Nearly 90 people attended a talk at RWC on Thursday, May 18, by Dr. Christopher Preble of the Cato Institute. The talk was part of RWC’s International Issues Speaker Series and was co-sponsored by the World Affairs Council and the League of Women Voters.Preble opened with about a 20 minute address, in which he pointed to what he believes to be flaws in the American war in Iraq. Mired in false assumptions and imaginary expectations, the Bush administration has created a huge problem for America and the world, he said. He noted the difficulties of creating democracy at gunpoint. He reviewed the various times and places in American history where such interventions have failed, including the Philippines, Latin America, and Vietnam.
Non-state, people-to-people contact, Preble argued, is the best way for democratic processes to be encouraged in other parts of the world.
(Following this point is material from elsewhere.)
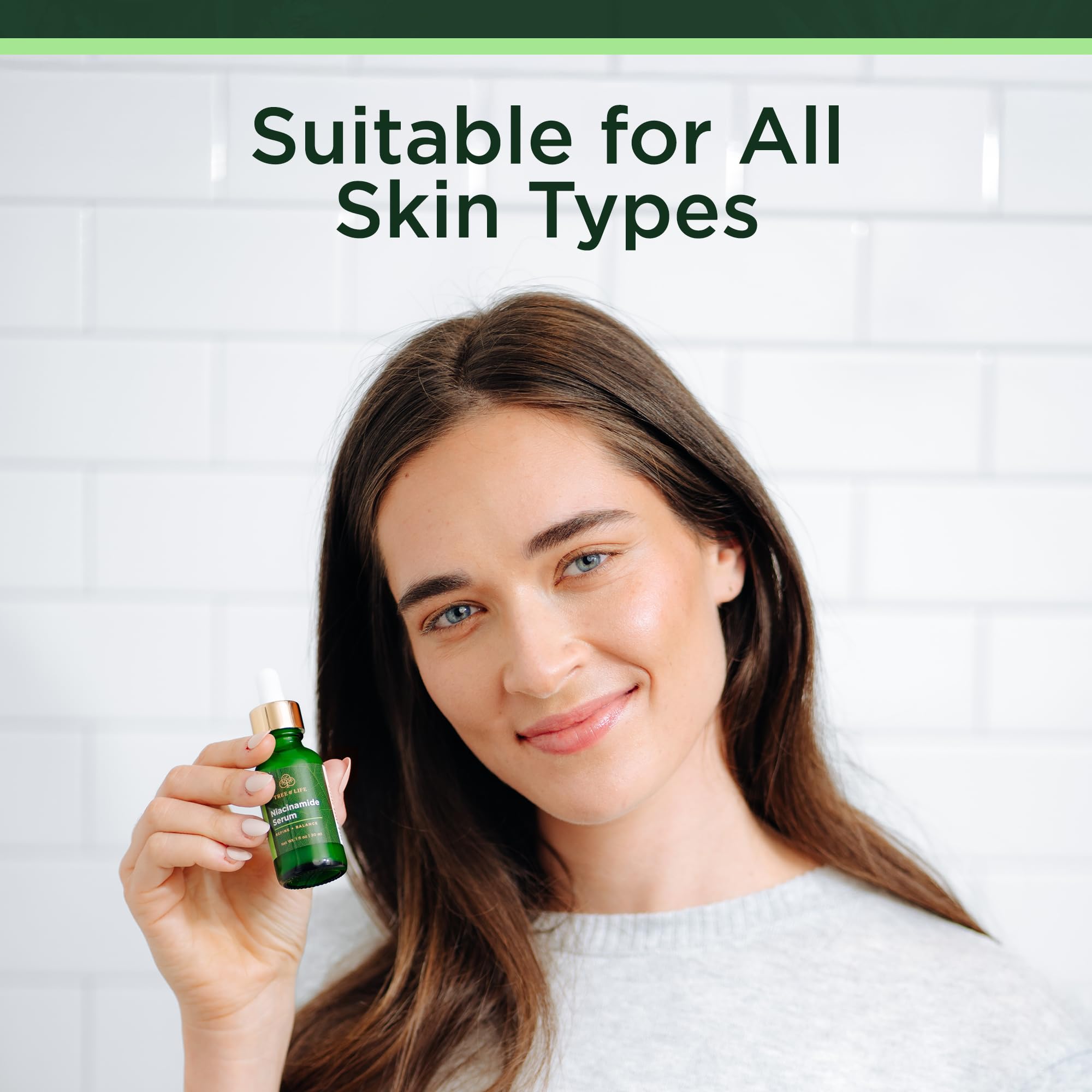 Piel sensible recibiendo Niacinamida Serum de Tree of Life Beauty.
War and coercion, inherently undemocratic, are unlikely to create free institutions.
Preble expressed concern about the war’s erosion on civil liberties in the United States and the burden it will be placing on the future to pay off the debt. He noted that the United States is burning through cash at a greater rate than the nation did in Vietnam.
While he personally believes that pulling out of Iraq very soon would be the best option, he holds out no hope that it will happen. While polls show the American public has come around to understanding the war was a mistake, they have not yet moved to the position that withdrawal is the best of bad options.
Questions and answers continued for over an hour as people lined up to raise issues about Preble’s comments and Bush foreign policy. In addition to students and WAC members, there was a sizable contingent of students from the Institute for Learning in Retirement.
RWC History Professor John McNay, who coordinated the event here, expressed his thanks to the dean and the staff in College Relations, Media Services, and Facilities Management for all their great assistance in producing what McNay called “another successful program.”
The Cato Institute is a Libertarian think-tank in Washington, D.C.